#### [WHAT IS EXPECTED]
Every line from the one containing "Harmaa Suzuki Vitara 2026, sivulta, kuva 4" to the end of the data below should be copied exactly, but pictures should not.

#### [EXERCISE INPUT]
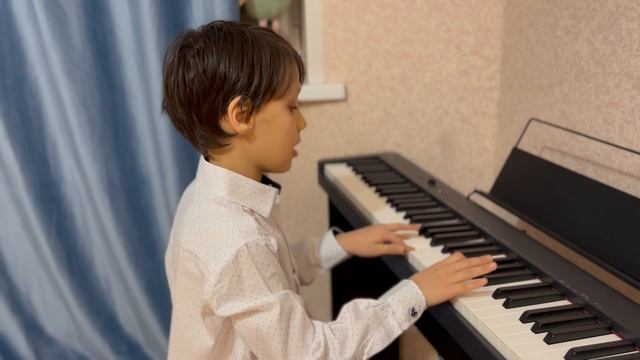 Давид,8 лет играет Л .Шитте : Этюд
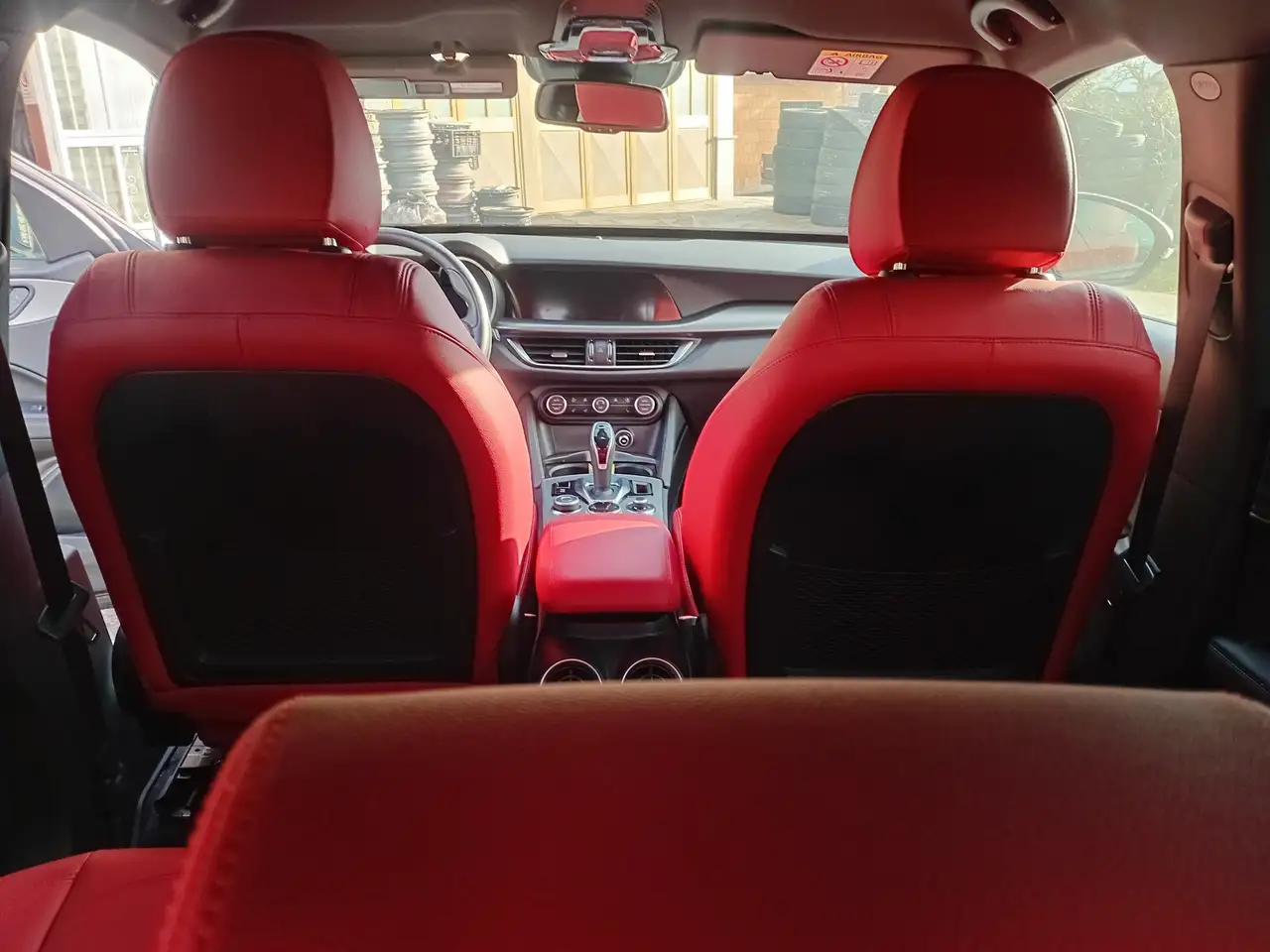 Alfa Romeo Stelvio 2024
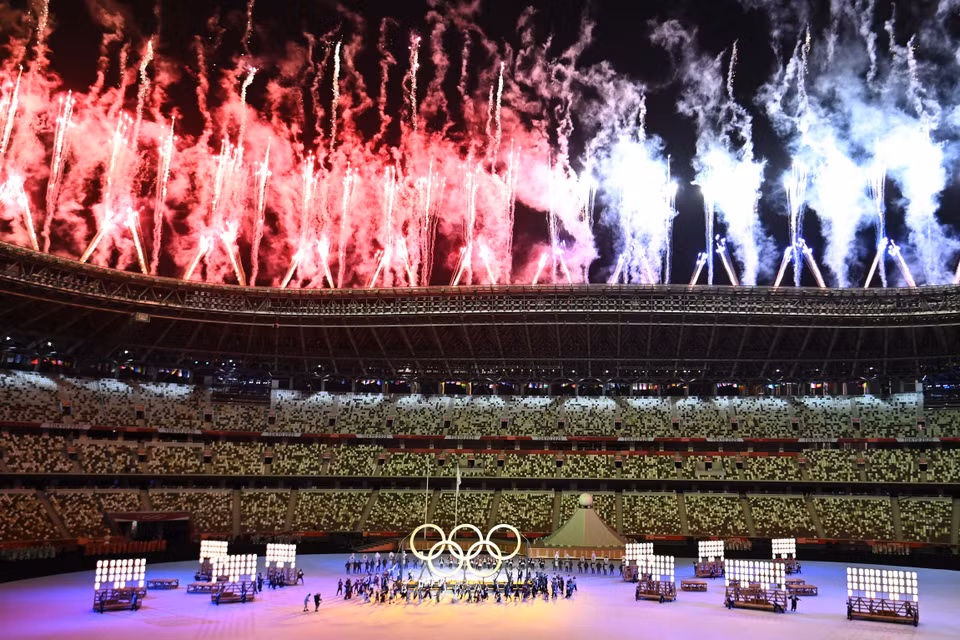 Pháo hoa thắp sáng bầu trời tại lễ khai mạc Olympic Tokyo 2020 trên sân vận động Olympic ở thủ đô Tokyo, Nhật Bản. (Ảnh: AFP/ TTXVN)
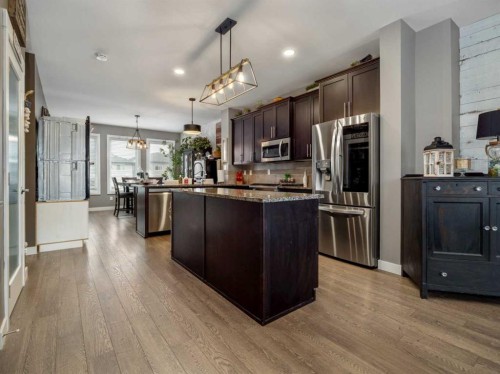 527 Moonlight Lane West, Lethbridge, AB - Indoor Photo Showing Kitchen With Upgraded Kitchen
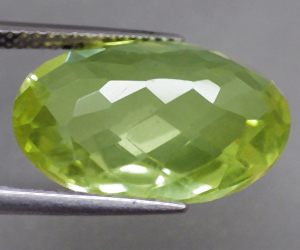 Piedra preciosa de cuarzo limón con talla de tablero de ajedrez ovalada grande de 10,77 ct - 2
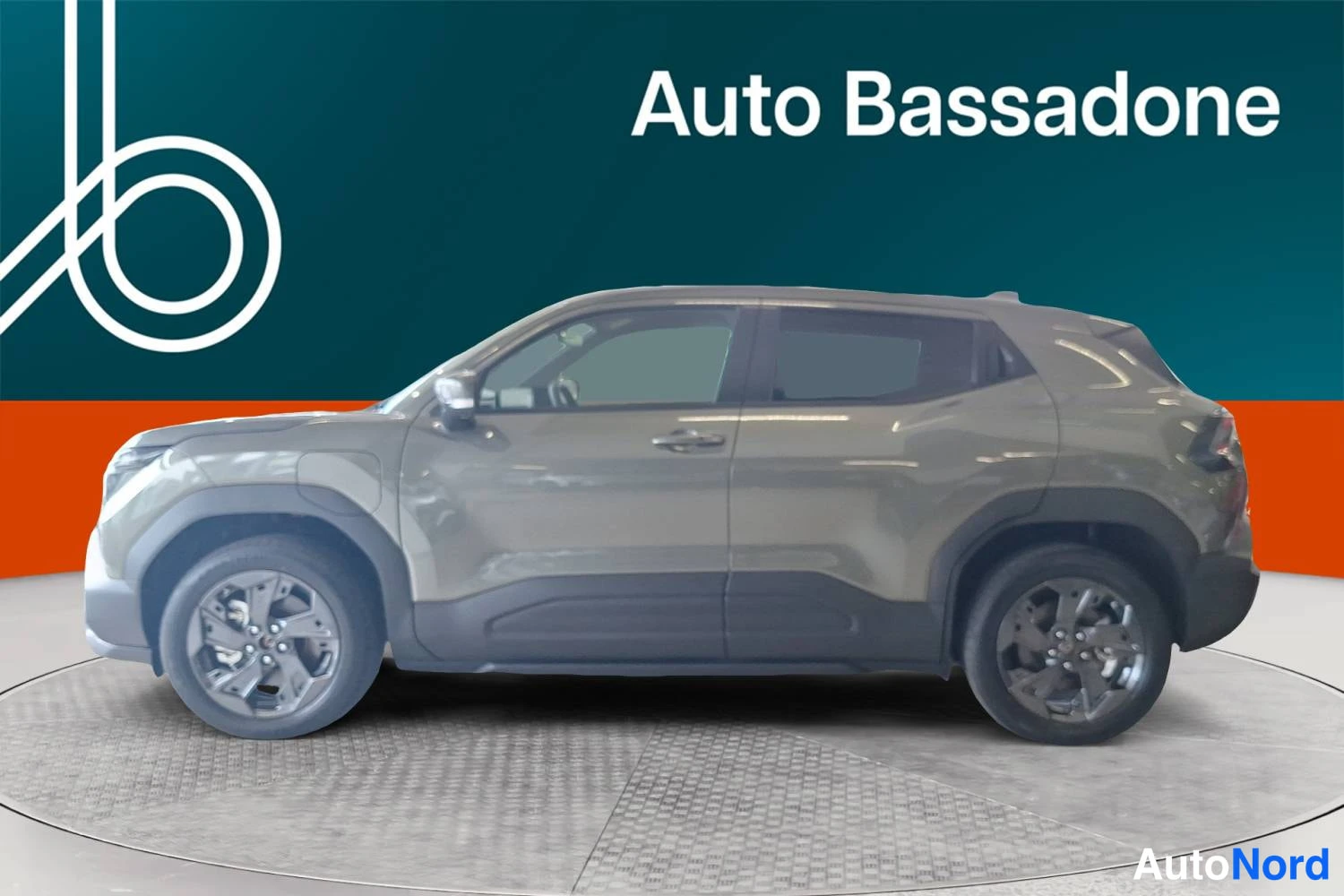 Harmaa Suzuki Vitara 2026, sivulta, kuva 4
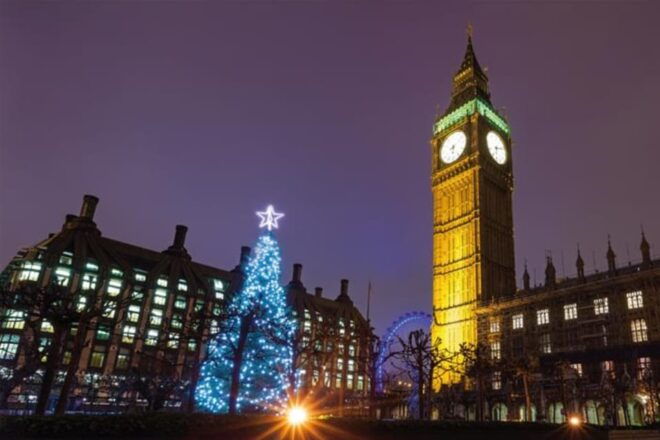 London: NYE Silver Sockeye on River Thames With Live Band - Dress Code and Age Restriction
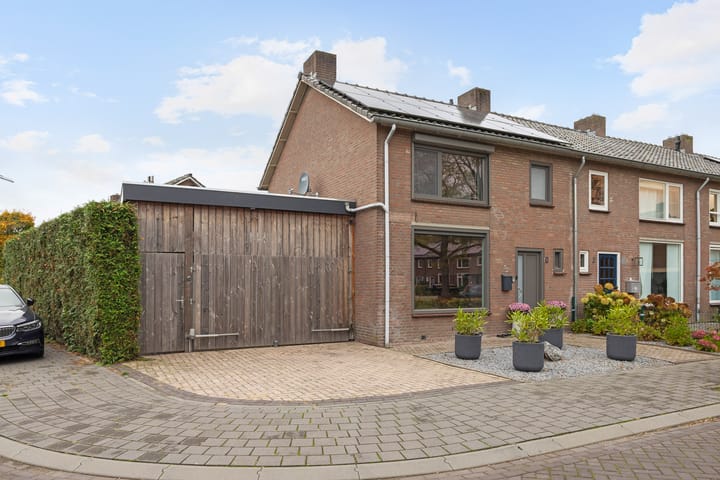 Foto 1 van Adalbertstraat 1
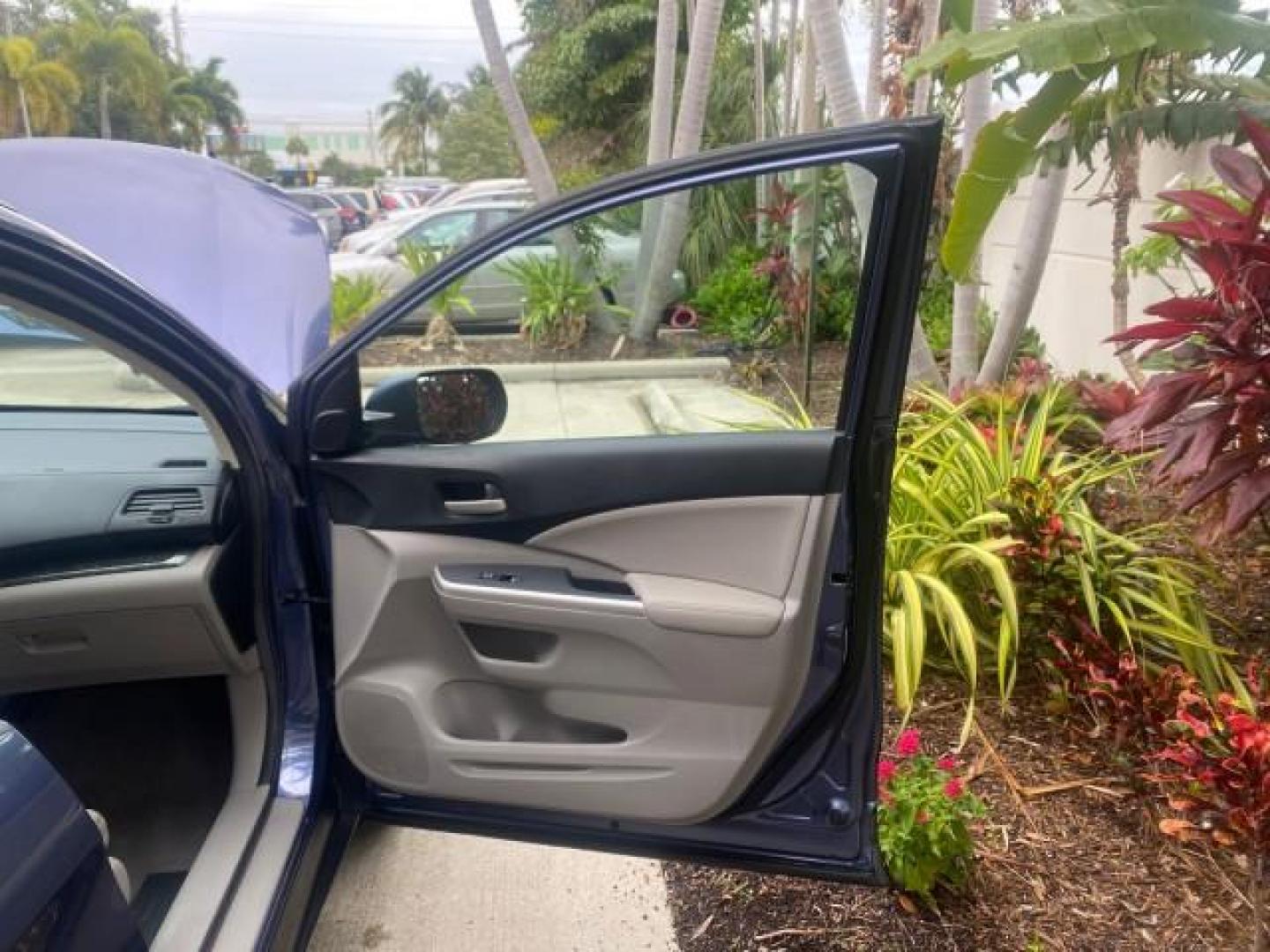 2014 Twilight Blue Metallic /Gray Honda CR-V EX-L LOW MILES 27,328 1 OWNER (2HKRM3H72EH) with an 2.4L I-4 16-Valve DOHC i-VTEC Engine engine, Automatic transmission, located at 4701 North Dixie Hwy, Pompano Beach, FL, 33064, (954) 422-2889, 26.240938, -80.123474 - OUR WEBPAGE FLORIDACARS1.COM HAS OVER 100 PHOTOS AND FREE CARFAX LINK 2014 HONDA CR-V EX-L VIN: 2HKRM3H72EH534254 2 H K R M 3 H 7 2 E H 5 3 4 2 5 4 4 DOOR WAGON/SPORT UTILITY 2.4L I4 F DOHC 16V GASOLINE FRONT WHEEL DRIVE Top Features Alloy Wheels Bluetooth Technology Front Seat Heaters Leather Seats - Photo#11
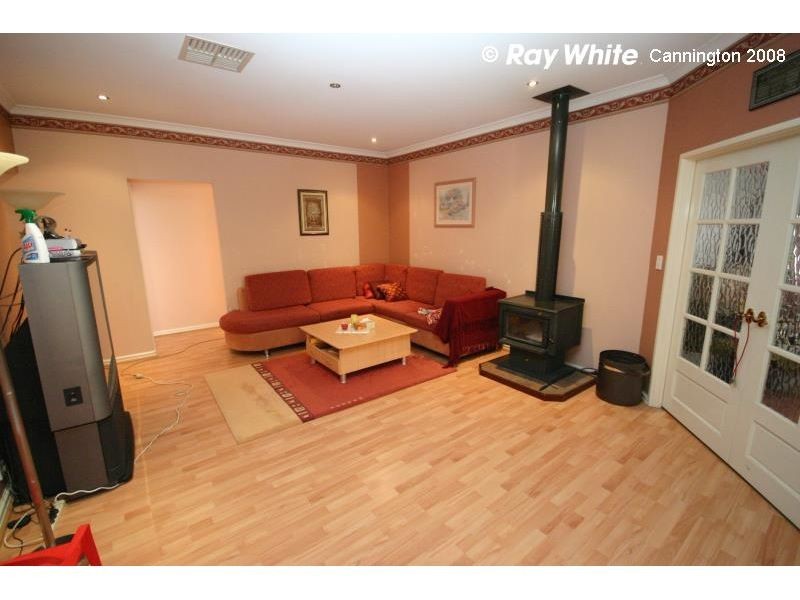 19 Dabchick Close, East Cannington WA 6107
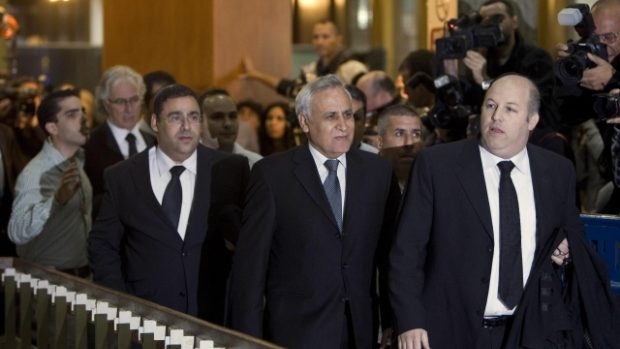 Exprezident Izraele Moše Kacav přichází k soudu (druhý zprava).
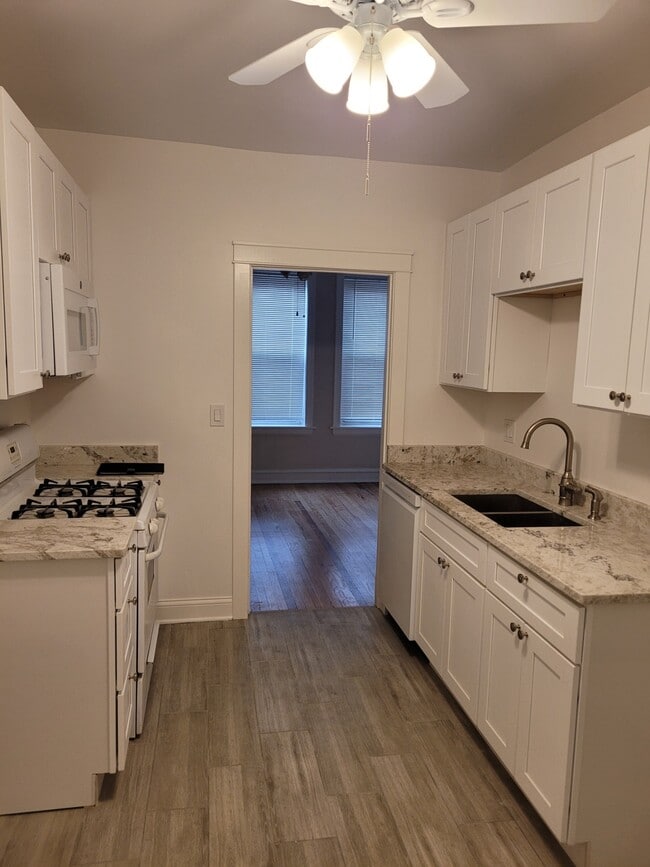 4003 N Hamlin Ave, Unit 1st Floor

#### [RESULT OF THIS TASK]
 Harmaa Suzuki Vitara 2026, sivulta, kuva 4
 London: NYE Silver Sockeye on River Thames With Live Band - Dress Code and Age Restriction
 Foto 1 van Adalbertstraat 1
 2014 Twilight Blue Metallic /Gray Honda CR-V EX-L LOW MILES 27,328 1 OWNER (2HKRM3H72EH) with an 2.4L I-4 16-Valve DOHC i-VTEC Engine engine, Automatic transmission, located at 4701 North Dixie Hwy, Pompano Beach, FL, 33064, (954) 422-2889, 26.240938, -80.123474 - OUR WEBPAGE FLORIDACARS1.COM HAS OVER 100 PHOTOS AND FREE CARFAX LINK 2014 HONDA CR-V EX-L VIN: 2HKRM3H72EH534254 2 H K R M 3 H 7 2 E H 5 3 4 2 5 4 4 DOOR WAGON/SPORT UTILITY 2.4L I4 F DOHC 16V GASOLINE FRONT WHEEL DRIVE Top Features Alloy Wheels Bluetooth Technology Front Seat Heaters Leather Seats - Photo#11
 19 Dabchick Close, East Cannington WA 6107
 Exprezident Izraele Moše Kacav přichází k soudu (druhý zprava).
 4003 N Hamlin Ave, Unit 1st Floor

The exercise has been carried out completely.